--- DATA SHOWN ---
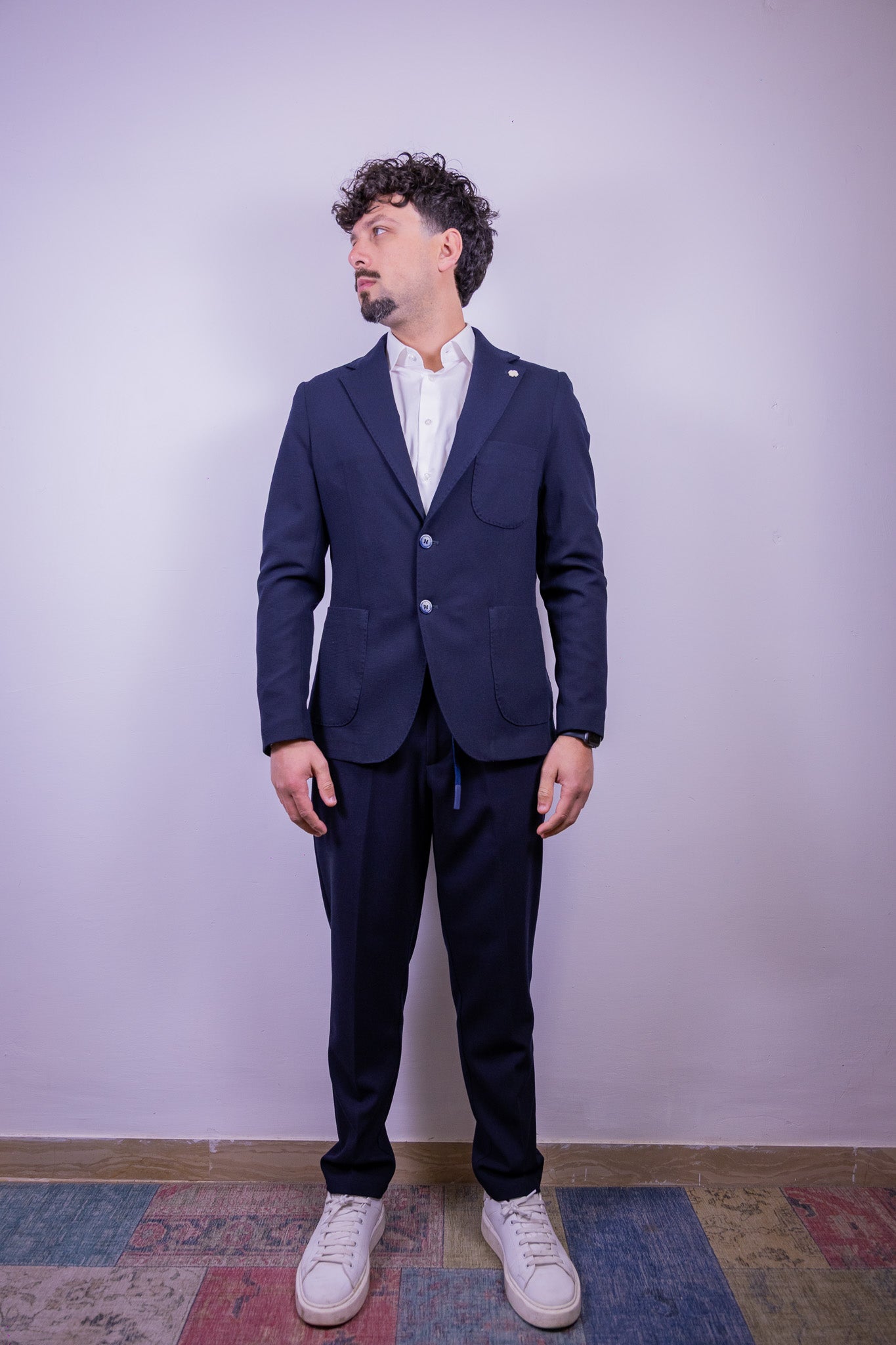 ABITO OVER-D BLU NAVY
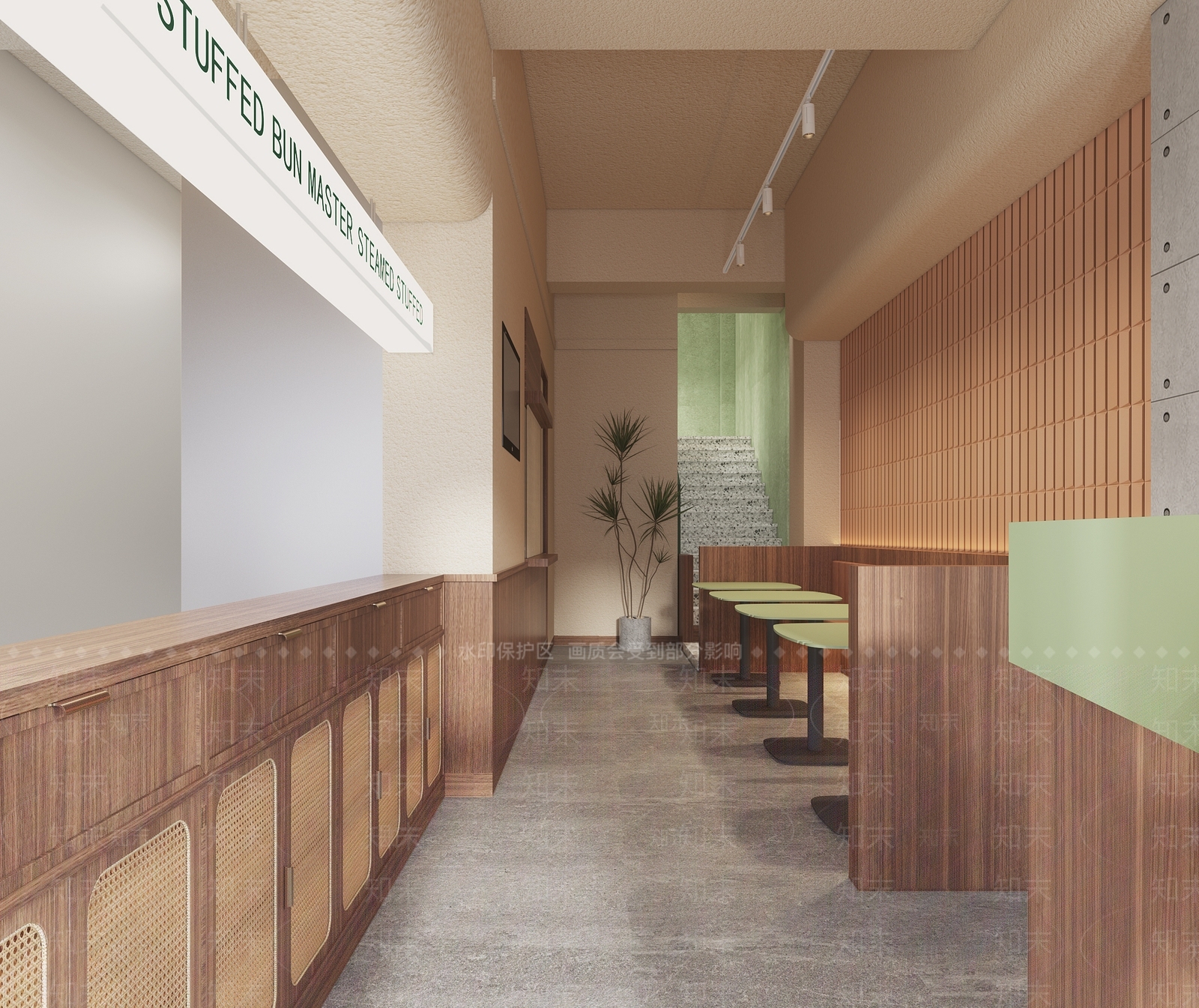 侘寂咖啡厅门头3D模型下载【ID:1161192680】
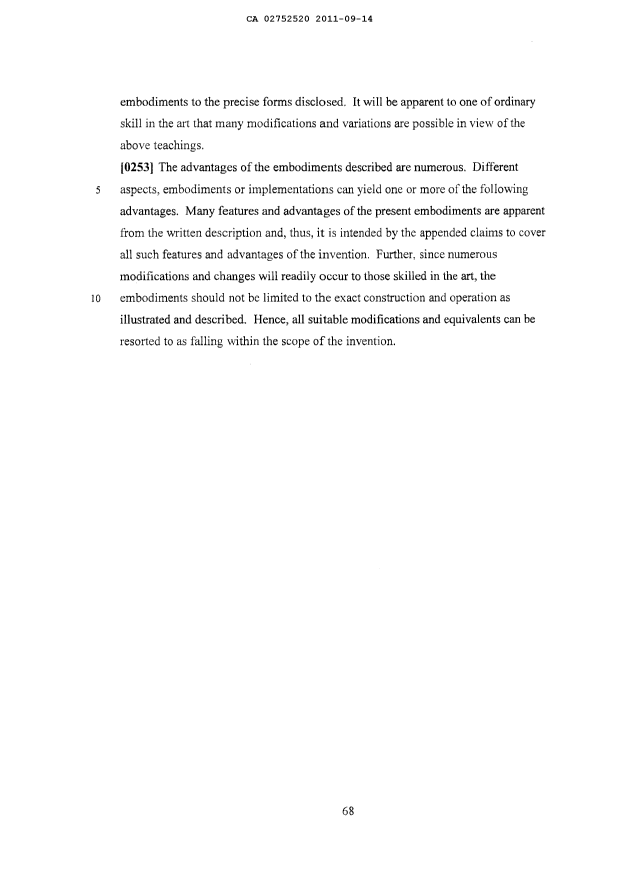 Canadian Patent Document 2752520. Description 20130225. Image 72 of 72
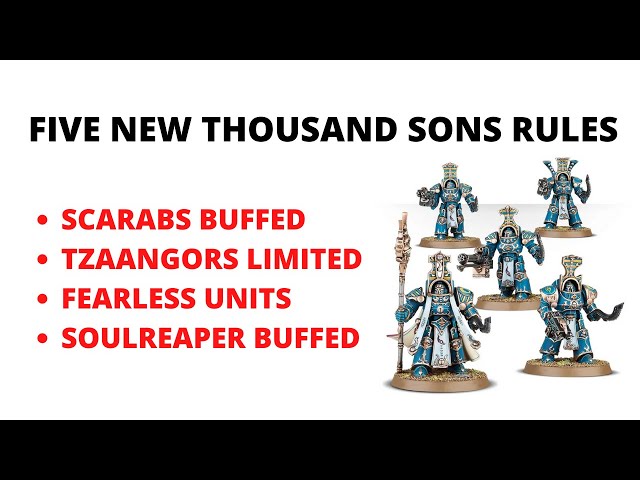 New Rules Tidal Wave For Thousand Sons Codex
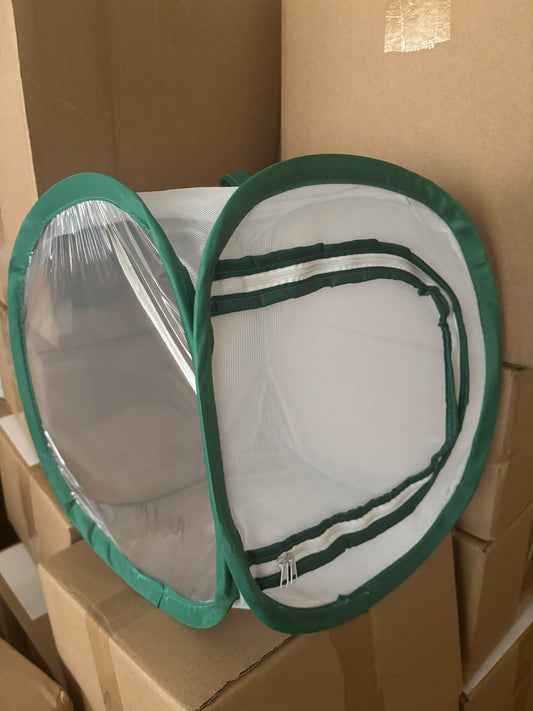 300mm x 300mm mesh enclosure.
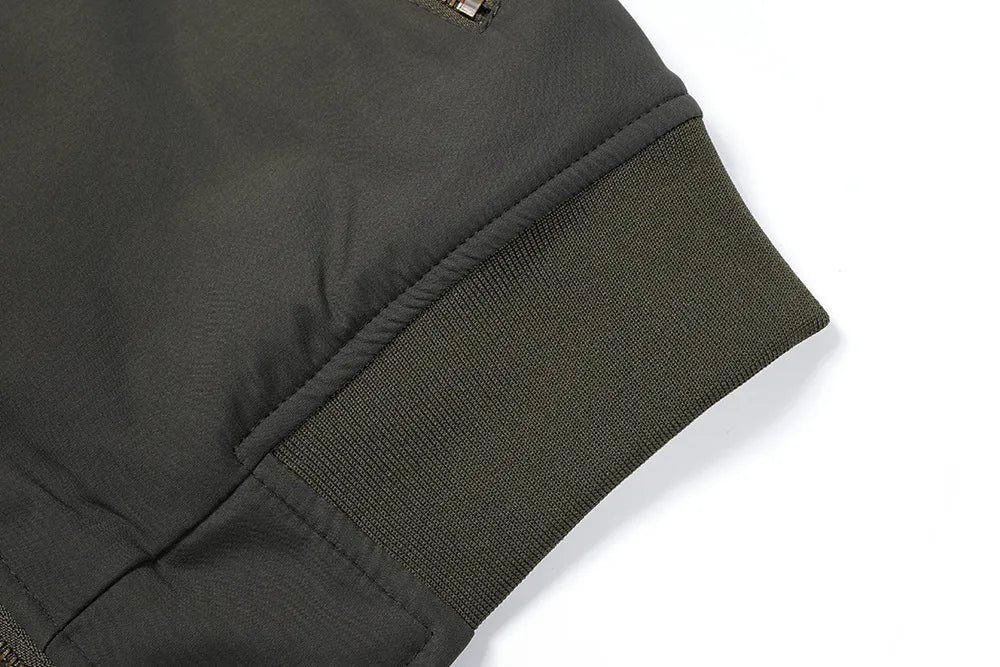 Men’s Light-weight Bomber Aviator Jacket Clanton Jacket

--- PROBLEM REQUIREMENTS ---
No pictures should appear in the answer, which is to be the lines from the line with "300mm x 300mm mesh enclosure." through the end of the records above, restated exactly.

--- YOUR SOLUTION ---
 300mm x 300mm mesh enclosure.
 Men’s Light-weight Bomber Aviator Jacket Clanton Jacket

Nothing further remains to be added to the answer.